From what I've been reading on various blogs,is that go to a affordable school because when you pass out you won't be getting an actual paid job till sometime,so paying those loans will be a real problem.

Secondly,i feel almost all culinary colleges are the same,the course structure should matter the most infact,and how long is it,does it have internship or not,keep all this in mind.

 Do you only wanna study in Europe or you wanna work there too?,if its working then you can look up a cheaper but good place at US,and then move to europe to work.


----------



## jackieolisa (Jan 19, 2012)

Thanks! I would love to live in Europe and have found schools for about 13000 euros. I want to work and live in Europe but Im scared because I have never lived in a different country. I feel that if Im going to learn the art of being a pastry chef, I should learn it from the people that know their stuff aka the French. I want to travel and the schools that Im looking at have programs and internships. I just dont want to comitt to something I will regret.


----------



## lalalala (Dec 7, 2011)

hi,

you are welcome,what part of europe you are looking for?,only france or somewhere else too?,and working or studying in france,you will have to speak almost fluent french or its gonna be really hard.


----------



## jackieolisa (Jan 19, 2012)

I would really just love to be in Europe for the year. Im not set on France but I am just so lost because I have no idea what to do about trying to find a place to go to school. Do you know of any other schools in Europe that are afforable and have year long programs? Im open to anything in europe at this point. Do you know any place to look for schools??


----------



## camille-awwh (Jan 20, 2012)

Hi Jackie.

I'm French so if you want any advice on places, cost of living, translation, etc.. Just send me a private message and I'll do my best to help you! /img/vbsmilies/smilies/smile.gif


----------



## lalalala (Dec 7, 2011)

hi, i would suggest that you keep ur ideas fixed more broadly,rather than only on Europe, but if its Europe for sure then its awesome, LCB london is good too,and theres one more college in UK,i don't remember the names but its the one where Jamie Oliver studied too.

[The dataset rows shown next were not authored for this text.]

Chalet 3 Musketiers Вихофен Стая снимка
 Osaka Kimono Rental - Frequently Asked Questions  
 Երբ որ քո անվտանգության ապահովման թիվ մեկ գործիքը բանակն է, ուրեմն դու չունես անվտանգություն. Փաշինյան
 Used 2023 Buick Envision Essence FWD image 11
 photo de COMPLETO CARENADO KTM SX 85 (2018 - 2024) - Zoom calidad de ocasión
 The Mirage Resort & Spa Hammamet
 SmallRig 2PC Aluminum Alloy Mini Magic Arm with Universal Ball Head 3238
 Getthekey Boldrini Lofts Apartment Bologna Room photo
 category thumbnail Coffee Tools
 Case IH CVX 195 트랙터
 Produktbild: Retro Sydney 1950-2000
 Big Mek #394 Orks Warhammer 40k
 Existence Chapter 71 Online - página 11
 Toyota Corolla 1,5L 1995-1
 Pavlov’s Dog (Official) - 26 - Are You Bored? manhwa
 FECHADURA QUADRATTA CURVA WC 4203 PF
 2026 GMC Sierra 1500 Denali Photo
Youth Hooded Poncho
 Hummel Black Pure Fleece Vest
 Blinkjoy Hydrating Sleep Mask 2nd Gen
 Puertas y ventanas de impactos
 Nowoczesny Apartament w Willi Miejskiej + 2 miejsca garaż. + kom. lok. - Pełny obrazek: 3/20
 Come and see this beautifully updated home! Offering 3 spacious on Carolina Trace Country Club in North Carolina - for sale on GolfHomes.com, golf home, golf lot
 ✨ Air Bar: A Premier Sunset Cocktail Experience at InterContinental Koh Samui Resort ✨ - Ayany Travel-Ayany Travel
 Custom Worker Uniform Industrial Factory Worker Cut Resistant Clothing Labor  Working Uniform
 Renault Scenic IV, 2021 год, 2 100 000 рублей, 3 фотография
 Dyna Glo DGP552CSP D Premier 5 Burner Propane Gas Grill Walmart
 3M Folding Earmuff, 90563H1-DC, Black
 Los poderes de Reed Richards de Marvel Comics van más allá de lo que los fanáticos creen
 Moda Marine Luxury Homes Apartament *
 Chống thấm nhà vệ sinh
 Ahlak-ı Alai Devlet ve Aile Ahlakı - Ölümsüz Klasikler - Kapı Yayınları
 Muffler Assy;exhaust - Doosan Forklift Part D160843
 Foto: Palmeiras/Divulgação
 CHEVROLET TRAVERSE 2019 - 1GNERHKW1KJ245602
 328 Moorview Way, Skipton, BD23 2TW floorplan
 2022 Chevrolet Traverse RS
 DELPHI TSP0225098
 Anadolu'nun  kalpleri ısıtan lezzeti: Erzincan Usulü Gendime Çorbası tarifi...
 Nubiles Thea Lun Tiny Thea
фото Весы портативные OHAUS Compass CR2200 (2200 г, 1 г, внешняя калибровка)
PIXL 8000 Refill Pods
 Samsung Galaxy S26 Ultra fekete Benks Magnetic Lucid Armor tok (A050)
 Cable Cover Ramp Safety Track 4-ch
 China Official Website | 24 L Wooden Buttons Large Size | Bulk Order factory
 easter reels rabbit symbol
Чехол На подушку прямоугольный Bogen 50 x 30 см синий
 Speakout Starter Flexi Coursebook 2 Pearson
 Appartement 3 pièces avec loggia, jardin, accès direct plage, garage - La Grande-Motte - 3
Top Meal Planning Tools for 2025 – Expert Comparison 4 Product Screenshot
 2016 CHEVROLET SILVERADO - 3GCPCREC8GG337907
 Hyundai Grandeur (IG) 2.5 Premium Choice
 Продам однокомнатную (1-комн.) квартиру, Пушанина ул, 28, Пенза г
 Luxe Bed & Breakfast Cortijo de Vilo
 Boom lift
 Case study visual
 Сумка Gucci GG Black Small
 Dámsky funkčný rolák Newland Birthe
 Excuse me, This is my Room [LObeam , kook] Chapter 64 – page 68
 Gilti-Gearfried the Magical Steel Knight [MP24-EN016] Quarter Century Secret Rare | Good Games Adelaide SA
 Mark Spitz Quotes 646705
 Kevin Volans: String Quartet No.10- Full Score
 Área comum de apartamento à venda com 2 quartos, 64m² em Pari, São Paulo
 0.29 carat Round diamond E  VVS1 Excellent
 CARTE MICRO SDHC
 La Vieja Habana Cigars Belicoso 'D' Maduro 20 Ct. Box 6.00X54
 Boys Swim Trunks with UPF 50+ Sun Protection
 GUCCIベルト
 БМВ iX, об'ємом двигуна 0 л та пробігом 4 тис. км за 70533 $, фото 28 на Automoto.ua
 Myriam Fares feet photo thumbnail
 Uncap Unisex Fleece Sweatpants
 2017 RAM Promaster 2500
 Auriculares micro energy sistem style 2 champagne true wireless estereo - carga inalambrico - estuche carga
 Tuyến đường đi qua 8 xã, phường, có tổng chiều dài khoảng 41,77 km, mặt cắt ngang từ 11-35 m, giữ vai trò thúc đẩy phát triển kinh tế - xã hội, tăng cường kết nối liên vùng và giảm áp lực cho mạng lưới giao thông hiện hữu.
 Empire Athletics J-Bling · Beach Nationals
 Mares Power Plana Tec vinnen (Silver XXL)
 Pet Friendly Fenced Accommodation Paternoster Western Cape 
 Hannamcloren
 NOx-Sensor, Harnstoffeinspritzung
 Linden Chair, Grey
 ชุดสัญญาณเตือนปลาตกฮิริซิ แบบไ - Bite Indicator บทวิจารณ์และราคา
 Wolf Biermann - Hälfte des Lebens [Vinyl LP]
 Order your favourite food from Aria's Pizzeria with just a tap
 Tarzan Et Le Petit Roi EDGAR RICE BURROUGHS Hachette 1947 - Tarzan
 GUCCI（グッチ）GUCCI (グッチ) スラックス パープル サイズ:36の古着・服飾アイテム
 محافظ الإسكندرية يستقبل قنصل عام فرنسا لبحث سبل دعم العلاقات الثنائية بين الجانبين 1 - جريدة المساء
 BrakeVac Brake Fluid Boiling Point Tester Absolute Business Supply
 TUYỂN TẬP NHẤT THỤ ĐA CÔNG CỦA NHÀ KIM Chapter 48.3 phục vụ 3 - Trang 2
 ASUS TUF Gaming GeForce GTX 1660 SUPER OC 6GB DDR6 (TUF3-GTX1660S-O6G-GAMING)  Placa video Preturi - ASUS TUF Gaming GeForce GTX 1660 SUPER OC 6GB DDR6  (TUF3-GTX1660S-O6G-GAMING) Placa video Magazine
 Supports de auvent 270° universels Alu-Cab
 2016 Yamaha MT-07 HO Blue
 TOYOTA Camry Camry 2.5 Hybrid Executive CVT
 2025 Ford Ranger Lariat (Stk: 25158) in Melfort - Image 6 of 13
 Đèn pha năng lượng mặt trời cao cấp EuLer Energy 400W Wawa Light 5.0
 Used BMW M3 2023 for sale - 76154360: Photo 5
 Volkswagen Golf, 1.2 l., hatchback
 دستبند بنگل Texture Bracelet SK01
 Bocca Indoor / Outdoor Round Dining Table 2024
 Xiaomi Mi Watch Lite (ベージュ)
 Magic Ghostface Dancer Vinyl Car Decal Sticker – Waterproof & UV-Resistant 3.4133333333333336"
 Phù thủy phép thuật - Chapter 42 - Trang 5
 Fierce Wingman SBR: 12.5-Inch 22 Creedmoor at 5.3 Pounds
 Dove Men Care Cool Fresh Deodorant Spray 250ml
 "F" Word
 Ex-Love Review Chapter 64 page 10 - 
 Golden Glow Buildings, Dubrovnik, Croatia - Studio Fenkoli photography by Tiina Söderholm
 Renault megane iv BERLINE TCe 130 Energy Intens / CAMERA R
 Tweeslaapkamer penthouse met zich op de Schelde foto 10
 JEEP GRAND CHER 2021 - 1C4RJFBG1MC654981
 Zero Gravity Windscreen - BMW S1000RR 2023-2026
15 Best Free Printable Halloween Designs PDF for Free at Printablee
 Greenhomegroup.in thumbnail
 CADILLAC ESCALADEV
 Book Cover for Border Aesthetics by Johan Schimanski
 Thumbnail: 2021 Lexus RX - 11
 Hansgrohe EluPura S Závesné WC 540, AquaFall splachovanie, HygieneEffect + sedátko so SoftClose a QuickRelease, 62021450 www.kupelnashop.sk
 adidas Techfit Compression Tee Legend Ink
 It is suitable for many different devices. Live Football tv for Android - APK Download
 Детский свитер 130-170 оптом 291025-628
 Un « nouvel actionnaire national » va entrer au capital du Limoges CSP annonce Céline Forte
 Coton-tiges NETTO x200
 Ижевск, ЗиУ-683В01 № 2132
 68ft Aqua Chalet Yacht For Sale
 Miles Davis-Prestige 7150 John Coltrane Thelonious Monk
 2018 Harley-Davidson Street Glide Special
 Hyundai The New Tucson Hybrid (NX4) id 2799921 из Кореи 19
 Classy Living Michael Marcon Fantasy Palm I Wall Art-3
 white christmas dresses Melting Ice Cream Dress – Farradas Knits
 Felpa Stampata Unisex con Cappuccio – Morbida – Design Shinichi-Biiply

What bout studying in the USA?and places like CIA?


----------



## jackieolisa (Jan 19, 2012)

Hello, I am open to place all arround Europe. Right now I think I need some suggestions about some of the best counrties in Europe as far as cost is concerned. Then I can look for schools in the countries. Do you happen to know some of the best countries for cost of living?


----------



## lalalala (Dec 7, 2011)

im not aware of the costing in general,as of now i know that singapre and hong kong have good schools and not super costly like others, but you wil have to see which kinda course you wanna go for,according to that you should do the research,LCB london is pretty nice too,and ESCF ferrandi in paris is really good,You belong to which country btw?,


----------



## ishbel (Jan 5, 2007)

You need to check what kind of visa you would need for each of the countries you are hopeful to enter for study. Some have special visas for students, depending on the type of courses you intend to follow.

Cooking is not considered an HE training scheme here in the UK, it is usually a BTEC or C&G qualification, in the first instance.

You need to check that your qualifications are accepted before entry onto the courses you select and the Institute where you want to study. You need to check that the school/institute's certification is accepted elsewhere in the world, not just in the country where you study. Many of the so-called 'schools' may not offer such a qualification but they will accept your money./img/vbsmilies/smilies/smile.gif

You appear to be absolutely vague about the requirements YOU need to allow you to study abroad!!! You need to do websearches with 'curriculum/qualification' and 'France' or 'wherever' and 'entry requirements' and 'fees'!/img/vbsmilies/smilies/biggrin.gif


----------